▶ [What to do]: Beginning with the line that contains "Top Tier Reclining Sectional", transcribe the rest of the listing below exactly, including its last line, and exclude any pictures.

▶ [Input data]:
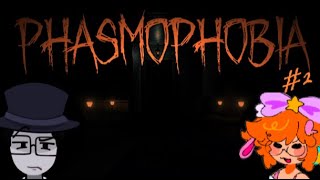 Phasmophobia 2 FtTerushiima [upl. by Arria]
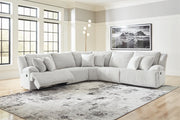 Top Tier Reclining Sectional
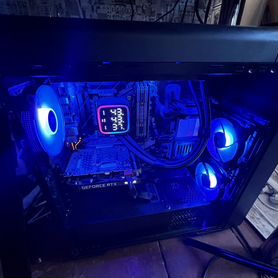 Компьютер i7 3060 12g 40гб 2,5тб память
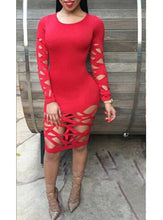 Load image into Gallery viewer, Lacey Lay Dress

▶ [Expected output]:
 Top Tier Reclining Sectional
 Компьютер i7 3060 12g 40гб 2,5тб память
 Load image into Gallery viewer, Lacey Lay Dress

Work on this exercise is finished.